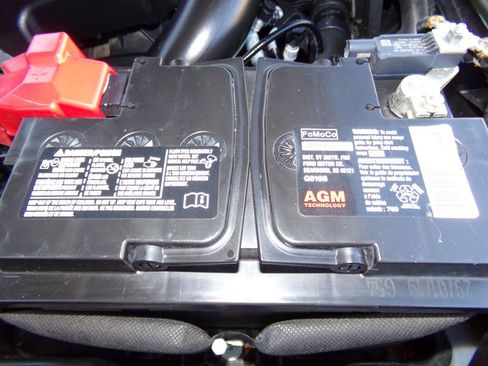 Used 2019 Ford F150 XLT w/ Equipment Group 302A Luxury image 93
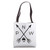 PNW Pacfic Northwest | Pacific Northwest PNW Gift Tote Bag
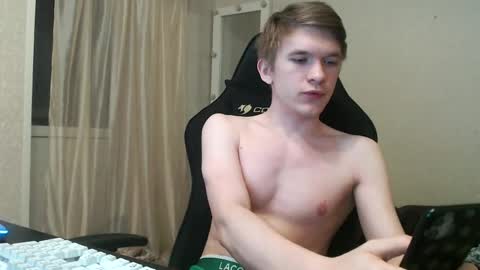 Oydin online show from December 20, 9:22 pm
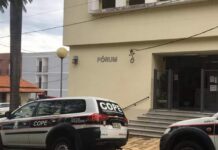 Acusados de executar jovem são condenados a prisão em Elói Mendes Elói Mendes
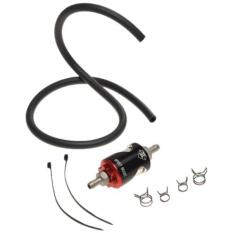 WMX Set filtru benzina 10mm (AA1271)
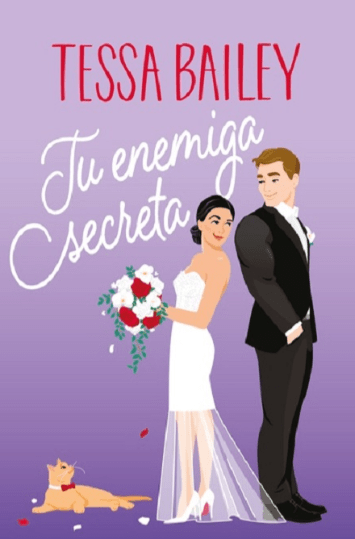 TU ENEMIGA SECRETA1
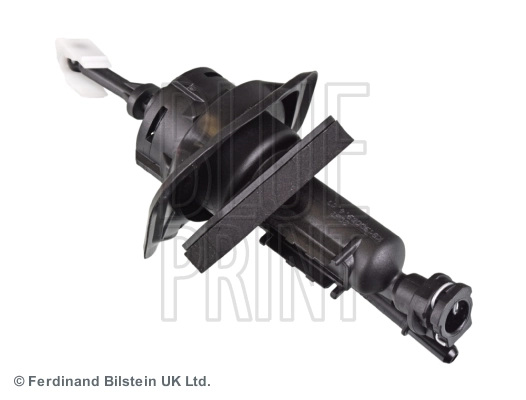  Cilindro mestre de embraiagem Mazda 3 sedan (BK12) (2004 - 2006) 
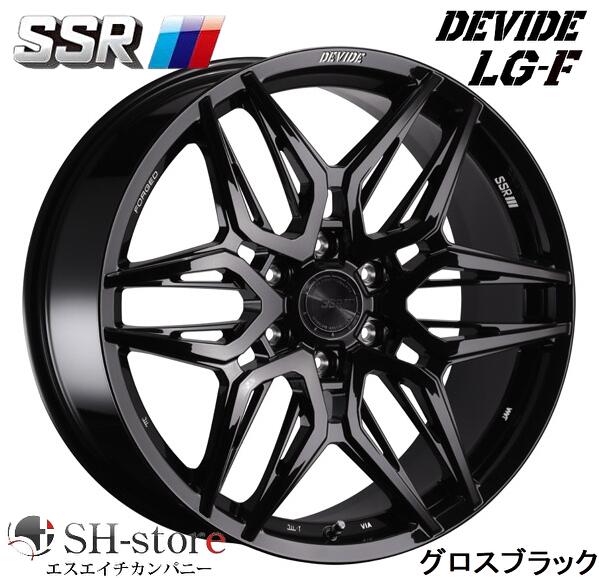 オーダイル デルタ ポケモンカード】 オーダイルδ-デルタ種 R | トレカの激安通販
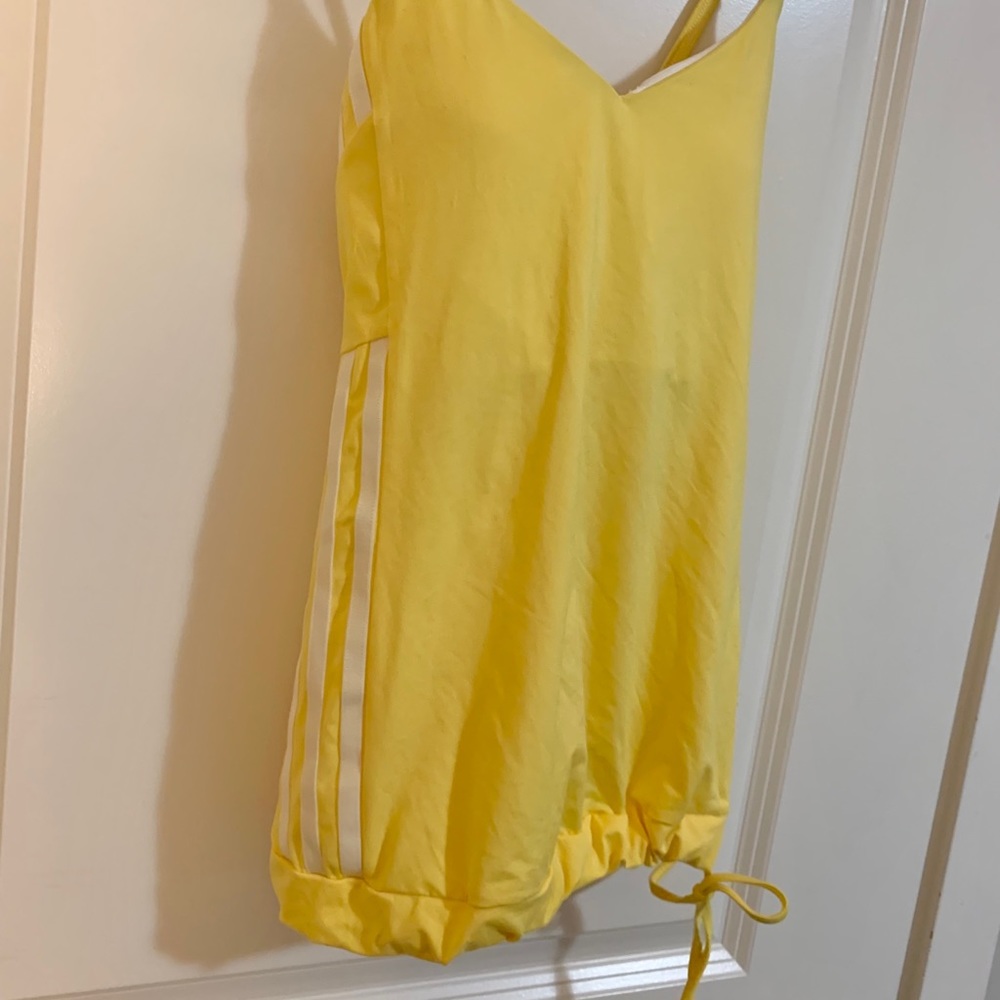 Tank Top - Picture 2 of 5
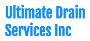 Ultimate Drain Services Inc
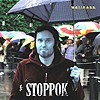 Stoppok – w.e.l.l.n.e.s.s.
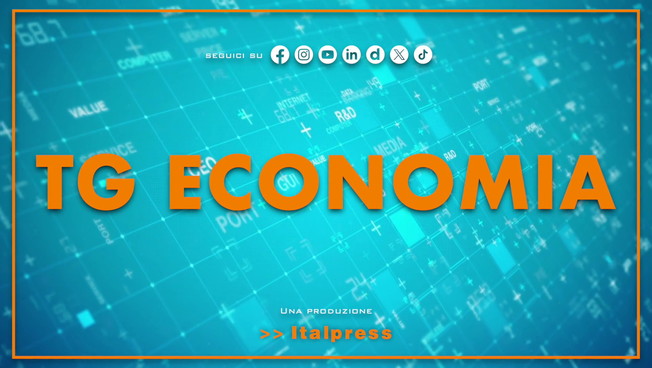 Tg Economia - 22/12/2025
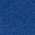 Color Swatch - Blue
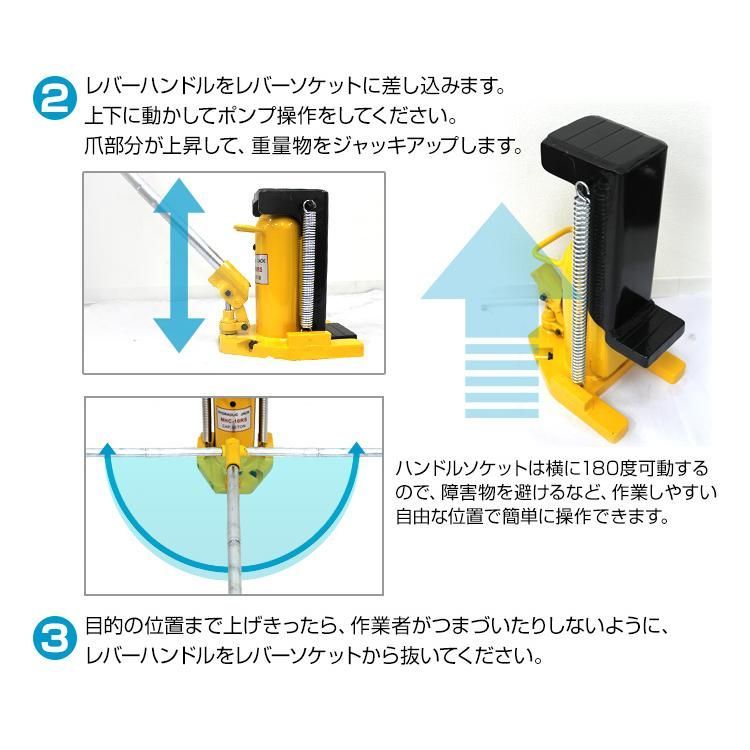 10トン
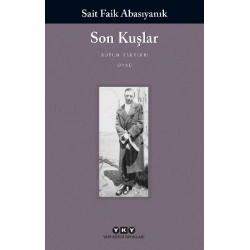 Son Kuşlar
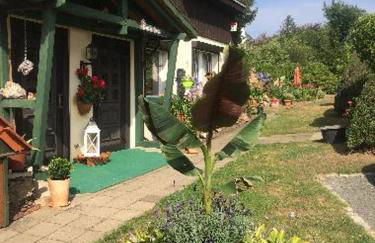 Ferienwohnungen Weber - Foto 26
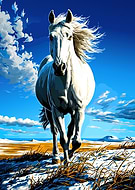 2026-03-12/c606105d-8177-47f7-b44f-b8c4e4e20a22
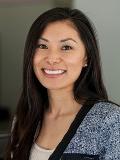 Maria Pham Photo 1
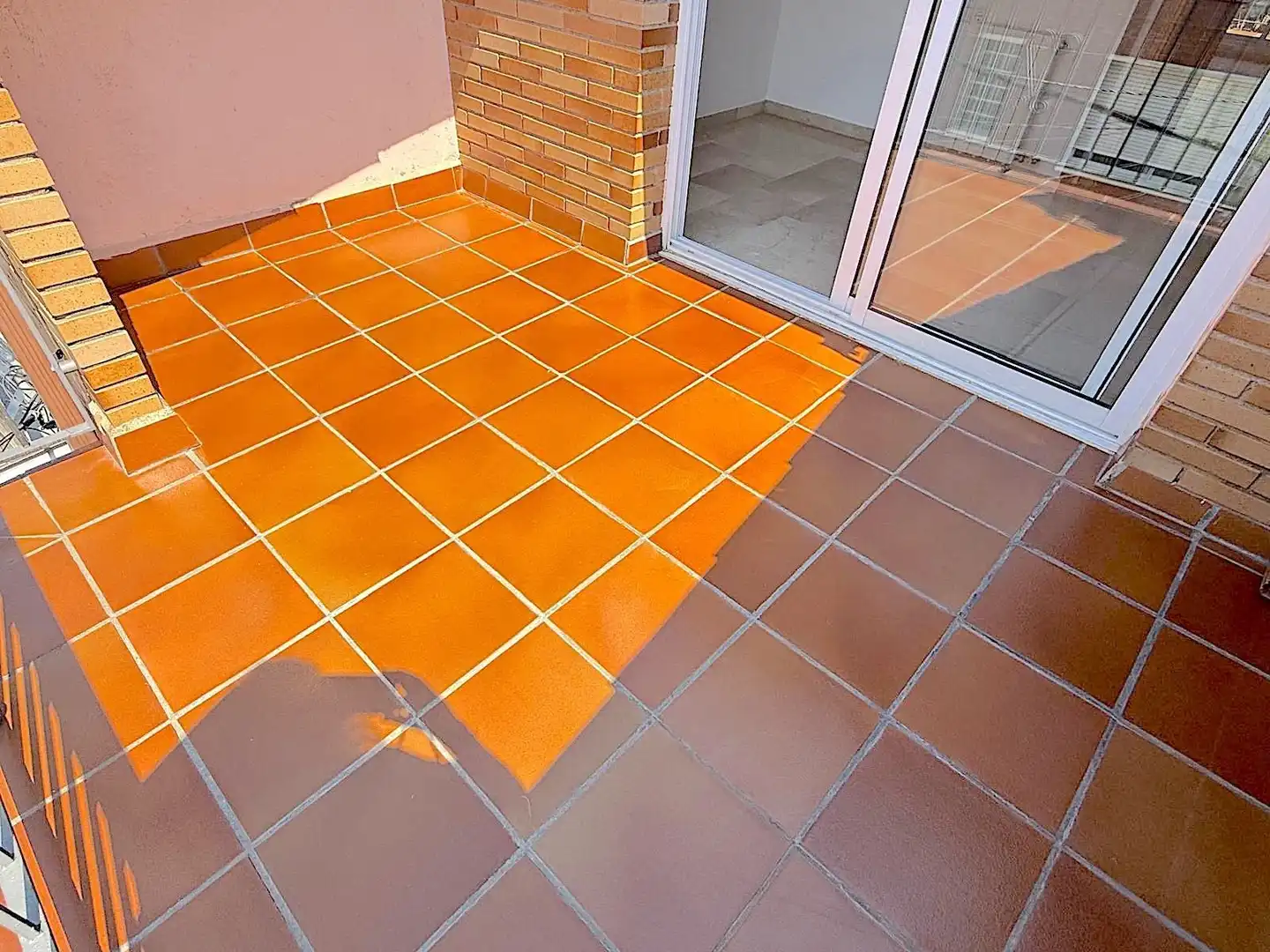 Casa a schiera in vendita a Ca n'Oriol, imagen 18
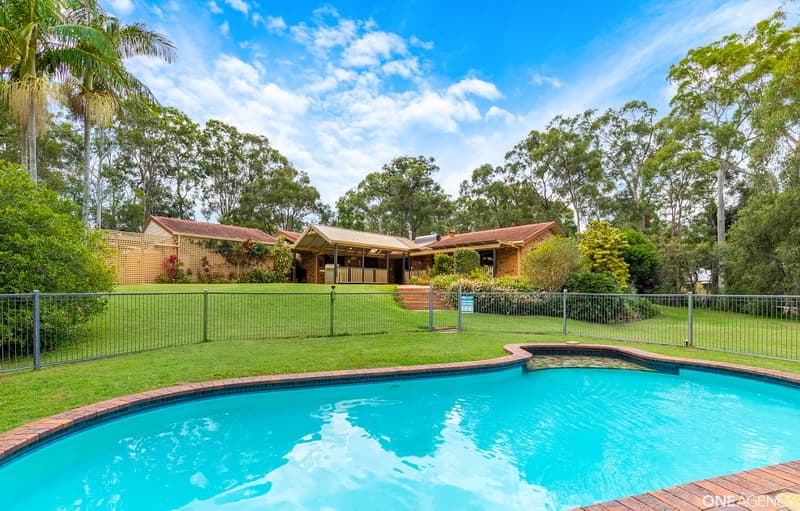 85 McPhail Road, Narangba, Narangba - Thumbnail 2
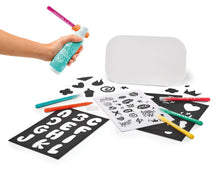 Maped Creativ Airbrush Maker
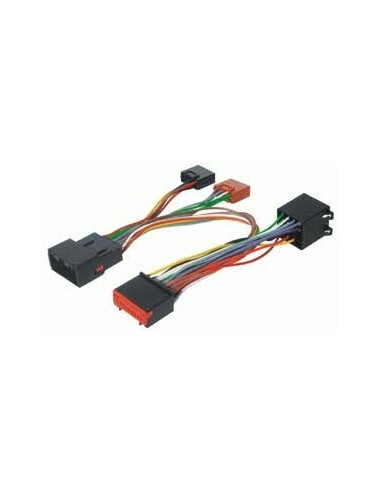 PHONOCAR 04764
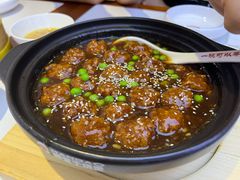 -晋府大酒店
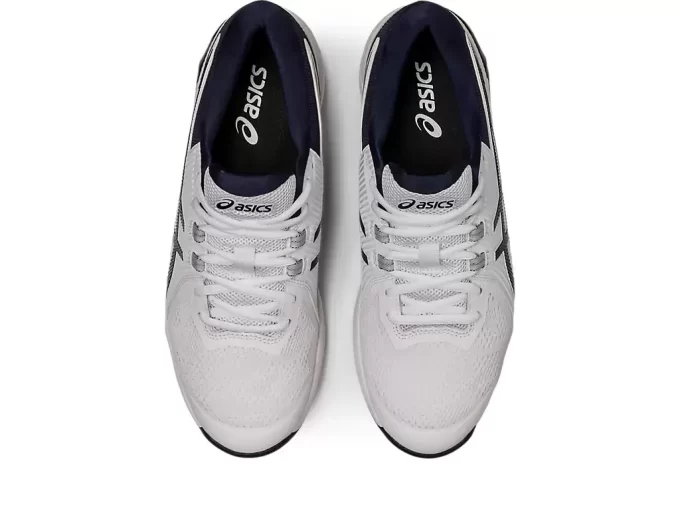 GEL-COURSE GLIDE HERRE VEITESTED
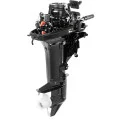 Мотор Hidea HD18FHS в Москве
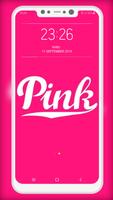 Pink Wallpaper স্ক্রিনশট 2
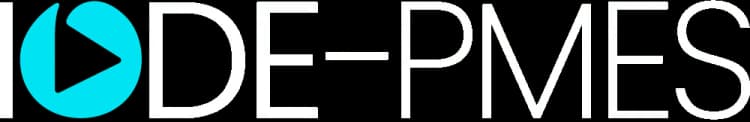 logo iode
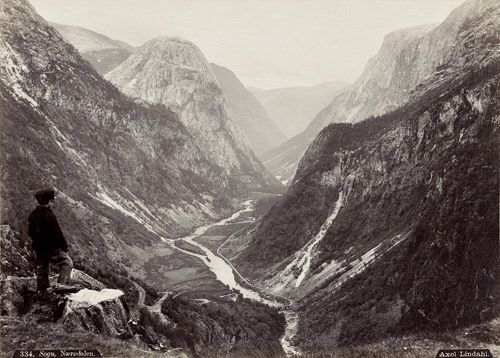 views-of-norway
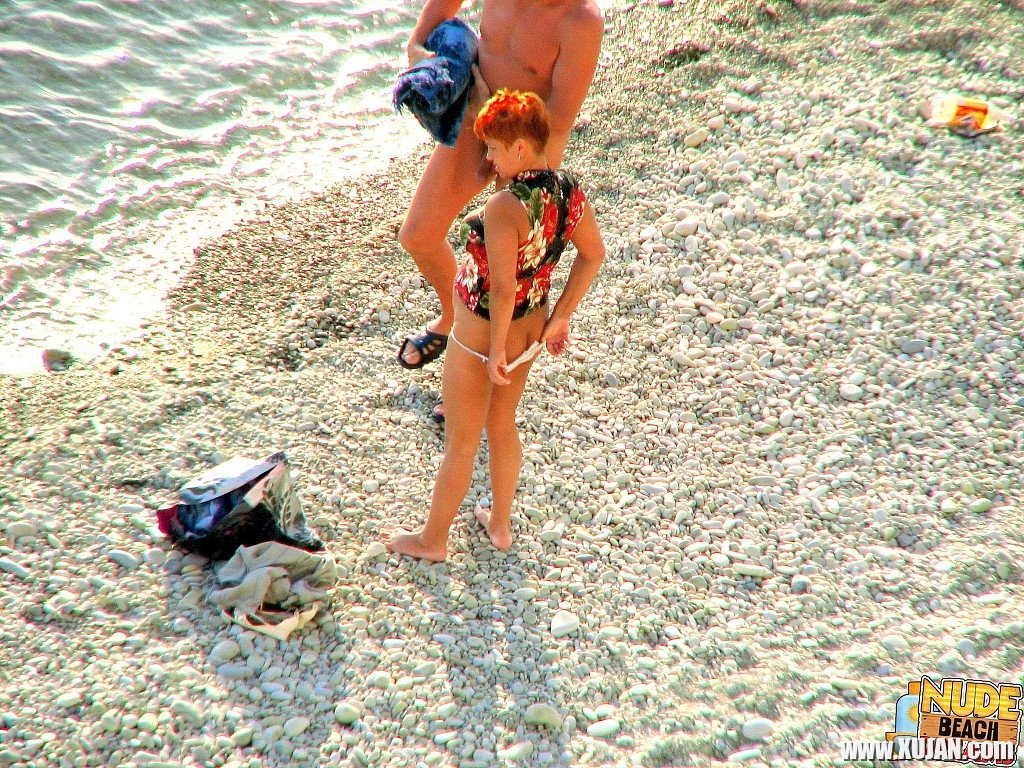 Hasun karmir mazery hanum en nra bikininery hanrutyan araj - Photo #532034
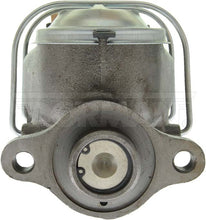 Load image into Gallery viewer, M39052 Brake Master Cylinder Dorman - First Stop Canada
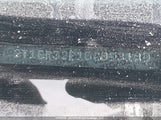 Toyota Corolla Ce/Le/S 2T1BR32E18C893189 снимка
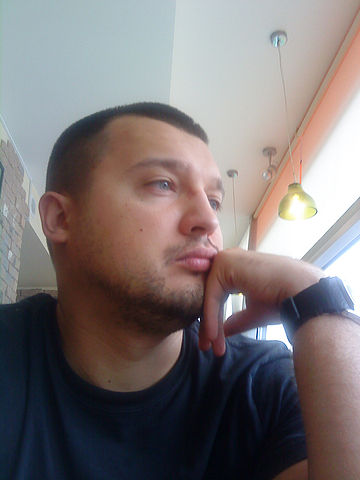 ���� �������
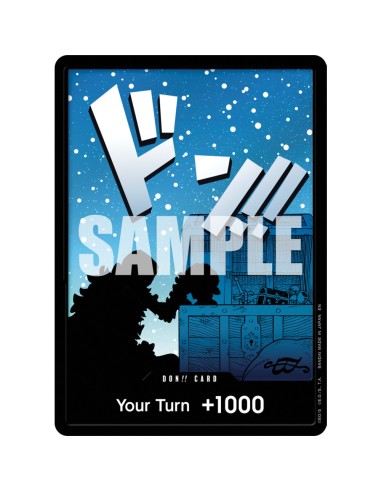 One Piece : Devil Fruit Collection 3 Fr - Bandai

^^^^^^^^

• TASK DESCRIPTION
Pictures are not part of the copy; retype all the other material exactly.

• ANSWER SECTION
 Used 2019 Ford F150 XLT w/ Equipment Group 302A Luxury image 93
 PNW Pacfic Northwest | Pacific Northwest PNW Gift Tote Bag
 Oydin online show from December 20, 9:22 pm
 Acusados de executar jovem são condenados a prisão em Elói Mendes Elói Mendes
 WMX Set filtru benzina 10mm (AA1271)
 TU ENEMIGA SECRETA1
  Cilindro mestre de embraiagem Mazda 3 sedan (BK12) (2004 - 2006) 
 オーダイル デルタ ポケモンカード】 オーダイルδ-デルタ種 R | トレカの激安通販
 Tank Top - Picture 2 of 5
 Ultimate Drain Services Inc
 Stoppok – w.e.l.l.n.e.s.s.
 Tg Economia - 22/12/2025
 Color Swatch - Blue
 10トン
 Son Kuşlar
 Ferienwohnungen Weber - Foto 26
 2026-03-12/c606105d-8177-47f7-b44f-b8c4e4e20a22
 Maria Pham Photo 1
 Casa a schiera in vendita a Ca n'Oriol, imagen 18
 85 McPhail Road, Narangba, Narangba - Thumbnail 2
 Maped Creativ Airbrush Maker
 PHONOCAR 04764
 -晋府大酒店
 GEL-COURSE GLIDE HERRE VEITESTED
 Мотор Hidea HD18FHS в Москве
 Pink Wallpaper স্ক্রিনশট 2
 logo iode
 views-of-norway
 Hasun karmir mazery hanum en nra bikininery hanrutyan araj - Photo #532034
 Load image into Gallery viewer, M39052 Brake Master Cylinder Dorman - First Stop Canada
 Toyota Corolla Ce/Le/S 2T1BR32E18C893189 снимка
 ���� �������
 One Piece : Devil Fruit Collection 3 Fr - Bandai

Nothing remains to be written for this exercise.